Bavarian Forest

The Bavarian Forest lies in Eastern Bavaria and borders Austria and the Czech Republic (Bohemia). In an easterly direction, the low mountain range stretches into the Czech Republic where it is referred to as Bohemian Forest. The mountain range also stretches into Upper Austria where it forms the Sau Forest and the Mühlviertel. The Bavarian Forest’s northern part borders the region of Upper Palatinate.
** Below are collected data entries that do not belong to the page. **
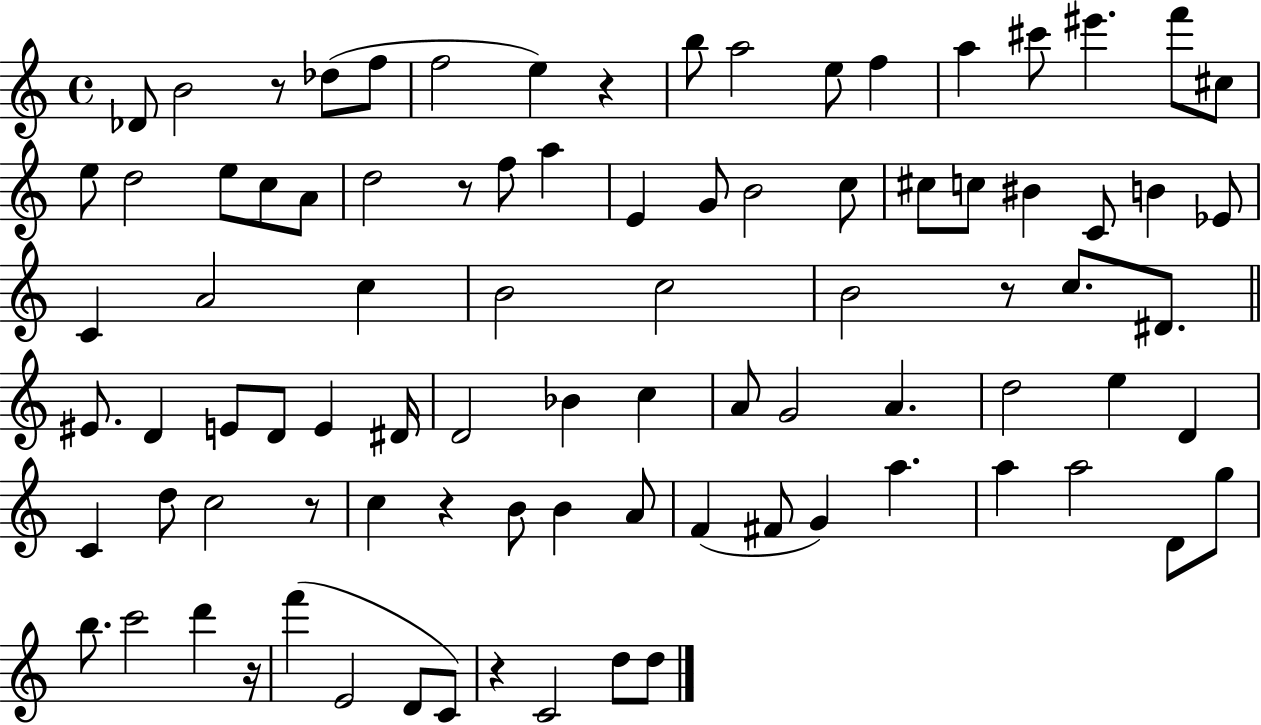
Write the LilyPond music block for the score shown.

{
  \clef treble
  \time 4/4
  \defaultTimeSignature
  \key c \major
  des'8 b'2 r8 des''8( f''8 | f''2 e''4) r4 | b''8 a''2 e''8 f''4 | a''4 cis'''8 eis'''4. f'''8 cis''8 | \break e''8 d''2 e''8 c''8 a'8 | d''2 r8 f''8 a''4 | e'4 g'8 b'2 c''8 | cis''8 c''8 bis'4 c'8 b'4 ees'8 | \break c'4 a'2 c''4 | b'2 c''2 | b'2 r8 c''8. dis'8. | \bar "||" \break \key a \minor eis'8. d'4 e'8 d'8 e'4 dis'16 | d'2 bes'4 c''4 | a'8 g'2 a'4. | d''2 e''4 d'4 | \break c'4 d''8 c''2 r8 | c''4 r4 b'8 b'4 a'8 | f'4( fis'8 g'4) a''4. | a''4 a''2 d'8 g''8 | \break b''8. c'''2 d'''4 r16 | f'''4( e'2 d'8 c'8) | r4 c'2 d''8 d''8 | \bar "|."
}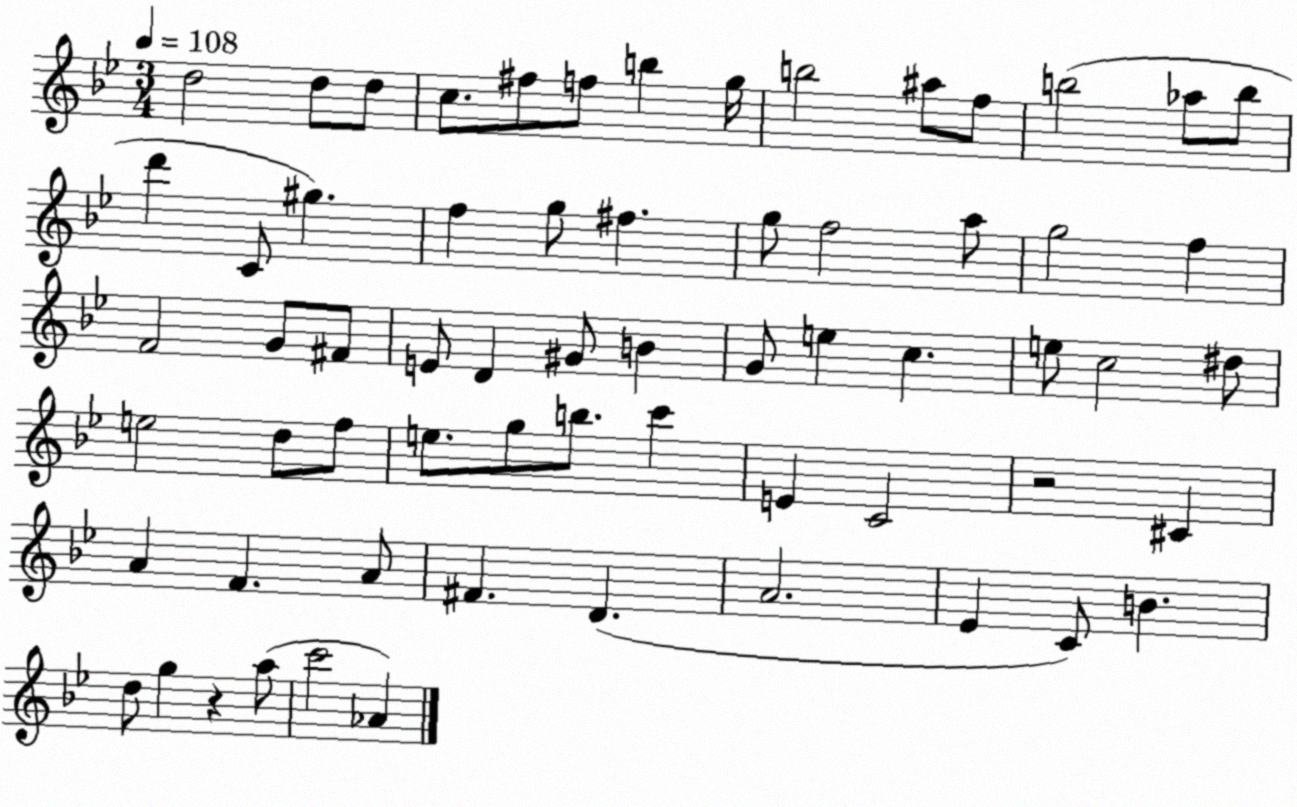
X:1
T:Untitled
M:3/4
L:1/4
K:Bb
d2 d/2 d/2 c/2 ^f/2 f/2 b g/4 b2 ^a/2 f/2 b2 _a/2 b/2 d' C/2 ^g f g/2 ^f g/2 f2 a/2 g2 f F2 G/2 ^F/2 E/2 D ^G/2 B G/2 e c e/2 c2 ^d/2 e2 d/2 f/2 e/2 g/2 b/2 c' E C2 z2 ^C A F A/2 ^F D A2 _E C/2 B d/2 g z a/2 c'2 _A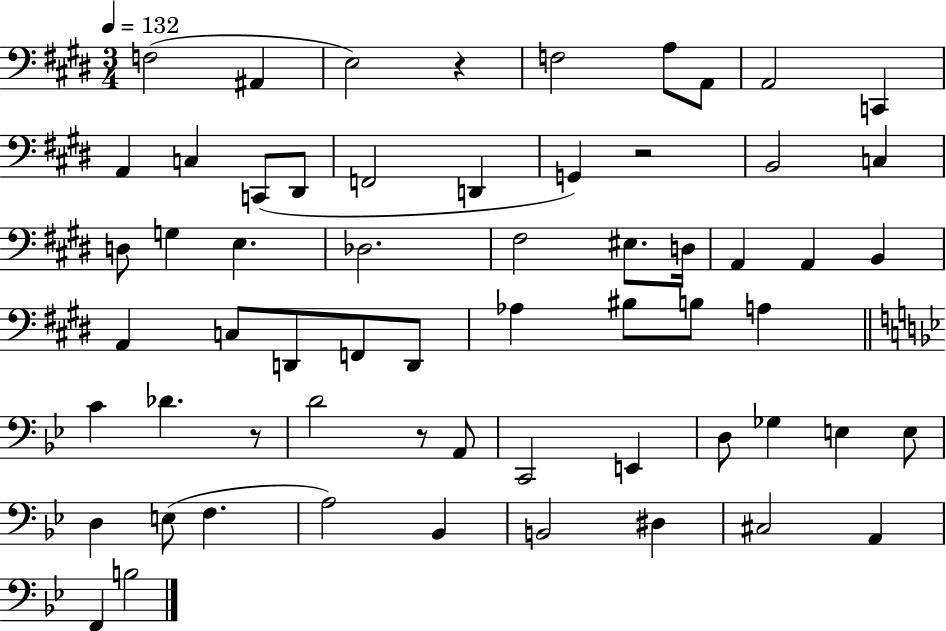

It was only in the 19th century that the name Bavarian Forest was created in order to clearly distinct the region from the Bohemian Forest. It is speculated that this decision was taken in order to attract more tourists to the area. Before then, the region was used be called the Bohemian Forest or “der Woid” (“the forest”) on both sides of the border. The forest’s highest peaks are the Große Arber (1456 metres above sea level) and the Große Rachel (1453m). In 1970, the Bavarian Forest National Park was proclaimed Germany’s first national park. It includes some areas with dense virgin forest. Due to air pollution and Borkenkäfer, large stretches of the spruce high forests which used to dominate that region werewiped out in the mid-fifties of the 20th century. This is why today you find lots of unusual but diverse types of new natural forests in that area – one of the reasons why the park is not only a widely recognized tourism destination, but also serves as a vivid example for nature conservation education, natural science and cultural history.

Tourism is one of the, if not the most important economic source of income for the region. Apart from being a popular destination for hikers and winter sports fans, the Bavarian Forest is also very well known for its many glassblowing factories and wood carving workshops.